General machine learning models for interpreting and predicting efficiency degradation in organic solar cells

Abstract

Photovoltaic (PV) energy plays a key role in addressing the growing global energy demand. Organic solar cells (OSCs) represent a promising alternative to silicon-based PVs due to their low cost, lightweight, and sustainable production. Despite achieving power conversion efficiencies (PCEs) over 20 %, OSCs still face challenges in stability and efficiency. Recent advances in manufacturing, artificial intelligence and machine learning (ML) achieve optimized and screened OSCs for greater sustainability and commercial viability, thus potentially reducing costs while ensuring stable and long term performance. This work presents optimal ML models to represent the temporal degradation on the PCE of polymeric OSCs with structure ITO/PEDOT:PSS/P3HT:PCBM/Al. First, we generated a database with 166 entries with measurements of 5 OSCs, and up to 7 variables regarding the manufacturing and environmental conditions for more than 180 days. Then, we relied on a software framework that provides a conglomeration of automated ML protocols that execute sequentially against our database by simply command-line interface.
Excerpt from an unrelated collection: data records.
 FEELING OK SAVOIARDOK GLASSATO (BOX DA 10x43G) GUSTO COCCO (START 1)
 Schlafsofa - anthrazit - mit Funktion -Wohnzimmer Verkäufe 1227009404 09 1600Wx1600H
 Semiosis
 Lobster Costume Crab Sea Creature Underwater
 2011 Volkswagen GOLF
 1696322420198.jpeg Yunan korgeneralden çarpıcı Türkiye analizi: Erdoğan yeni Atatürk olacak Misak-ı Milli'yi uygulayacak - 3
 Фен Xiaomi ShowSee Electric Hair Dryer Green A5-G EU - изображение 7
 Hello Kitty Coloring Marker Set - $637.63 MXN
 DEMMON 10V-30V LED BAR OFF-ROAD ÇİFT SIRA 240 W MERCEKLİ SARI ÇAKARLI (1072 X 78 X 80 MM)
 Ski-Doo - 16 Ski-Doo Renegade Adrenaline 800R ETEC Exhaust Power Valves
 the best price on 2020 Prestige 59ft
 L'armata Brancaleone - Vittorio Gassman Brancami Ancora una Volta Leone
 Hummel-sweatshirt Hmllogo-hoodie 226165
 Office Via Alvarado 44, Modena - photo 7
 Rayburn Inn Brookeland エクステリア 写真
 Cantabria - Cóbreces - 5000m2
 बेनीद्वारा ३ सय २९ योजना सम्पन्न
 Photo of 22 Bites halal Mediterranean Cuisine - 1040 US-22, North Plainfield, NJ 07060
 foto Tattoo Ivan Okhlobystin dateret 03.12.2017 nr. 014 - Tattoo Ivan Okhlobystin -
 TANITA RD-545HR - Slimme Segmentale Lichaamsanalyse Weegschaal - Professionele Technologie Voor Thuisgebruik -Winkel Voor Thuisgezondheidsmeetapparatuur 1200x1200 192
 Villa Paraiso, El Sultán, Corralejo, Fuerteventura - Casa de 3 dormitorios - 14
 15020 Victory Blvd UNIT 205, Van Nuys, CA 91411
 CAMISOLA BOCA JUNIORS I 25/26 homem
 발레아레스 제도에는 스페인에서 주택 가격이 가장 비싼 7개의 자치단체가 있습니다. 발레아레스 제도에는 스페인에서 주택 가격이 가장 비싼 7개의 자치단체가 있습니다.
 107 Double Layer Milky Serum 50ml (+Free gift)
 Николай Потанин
This easily permits hyper-optimizing the ML models through exhaustive benchmarking so that optimal models are obtained. The accuracy for predicting PCE over time reaches values of the coefficient determination widely exceeding 0.90, whereas the root mean squared error, sum of squared error, and mean absolute error are significantly low. Additionally, we assessed the predictive ability of the models using an unseen OSC as an external set. For comparative purposes, classical Bayesian regression fitting are also presented, which only perform sufficiently for univariate cases of single OSCs.